## To do:
Only the lines below from the one that contains "Bella-152 webcam" through the one that contains "12elevage-mouton-larzac-6-0817" should appear in your answer, exact and without pictures.

Short descriptive text snippets
☆ ☆ ☆

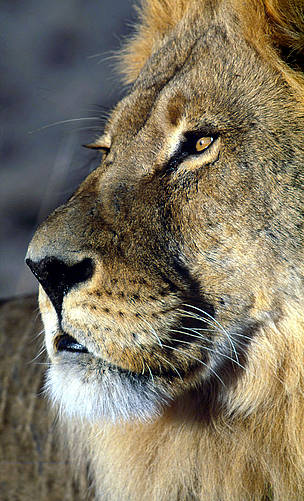 African lion (Panthera leo) adult male, Sub-Saharan Africa. / ©: WWF-Canon / Martin HARVEY African lion (<i>Panthera leo</i>) adult male, Sub-Saharan Africa. / ©: WWF-Canon / Martin HARVEY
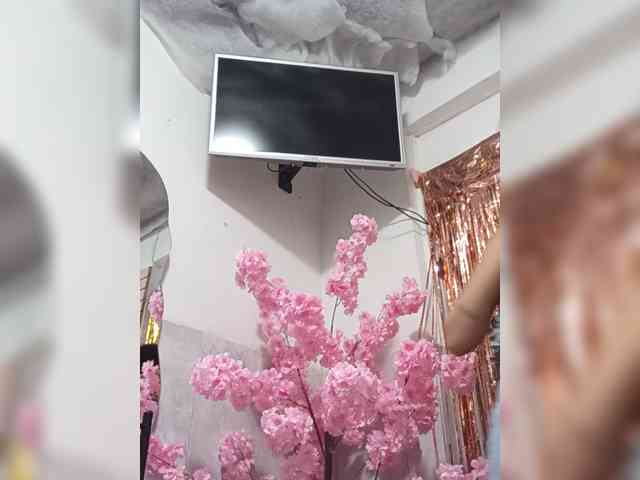 Bella-152 webcam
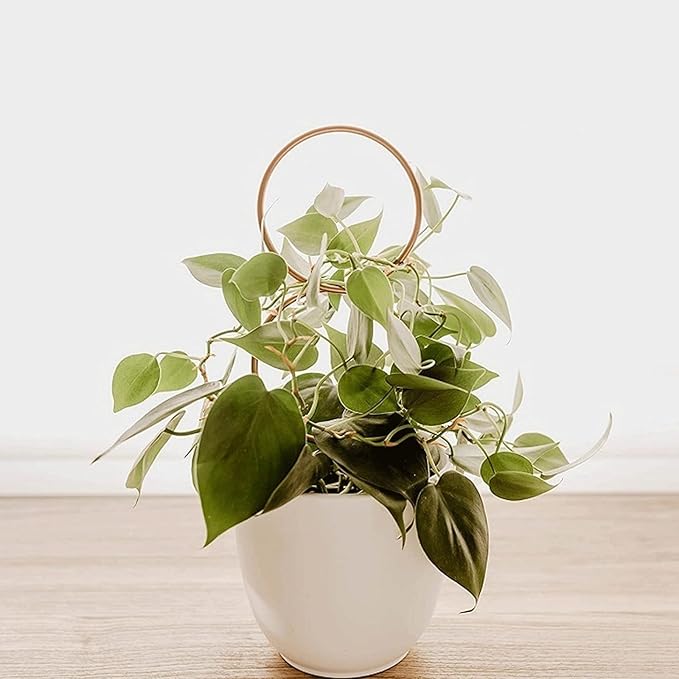 5PCS Gold Metal Trellis for Potted Plants, Plant Support Stake for Climbing Plants Indoor, Small Plant Support for Garden Indoor Houseplant, Flower Orchids Monstera Hoya Pothos Philodendron
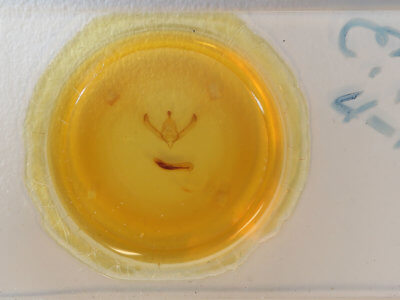 slide view of adult Psaphida rolandi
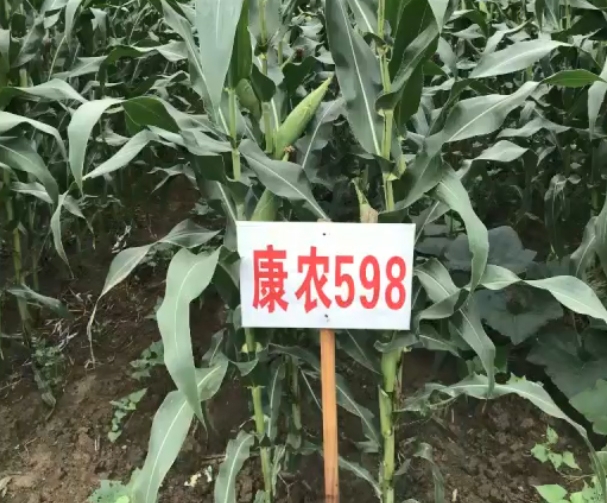 918博天堂玉598玉米基地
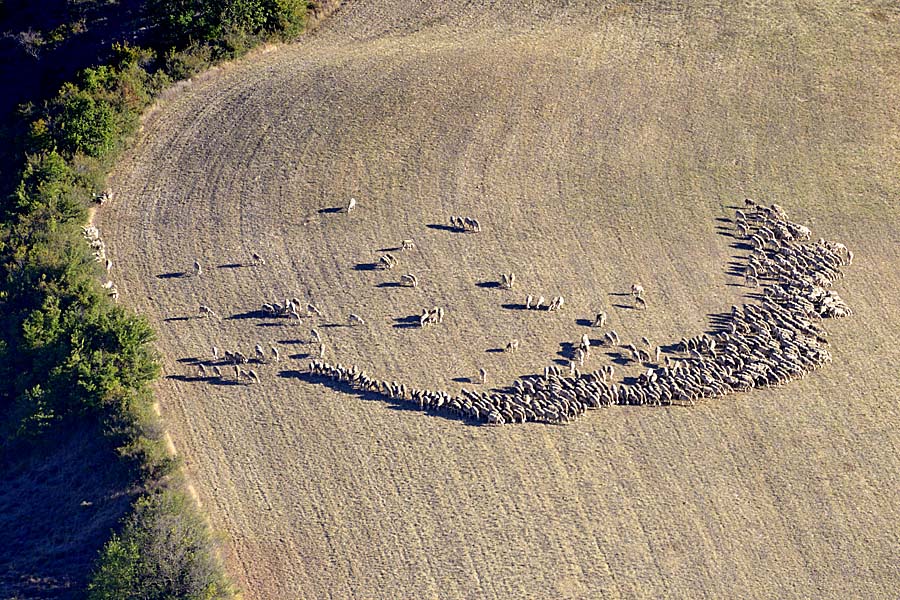 12elevage-mouton-larzac-6-0817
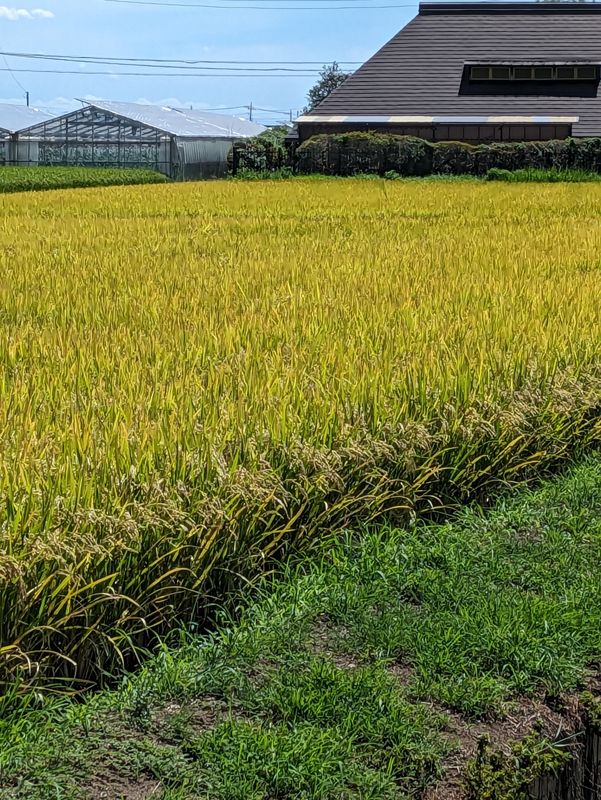 Rice Day; A Celebration of Japan's Staple Grain  photo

☆ ☆ ☆

## Solved problem:
 Bella-152 webcam
 5PCS Gold Metal Trellis for Potted Plants, Plant Support Stake for Climbing Plants Indoor, Small Plant Support for Garden Indoor Houseplant, Flower Orchids Monstera Hoya Pothos Philodendron
 slide view of adult Psaphida rolandi
 918博天堂玉598玉米基地
 12elevage-mouton-larzac-6-0817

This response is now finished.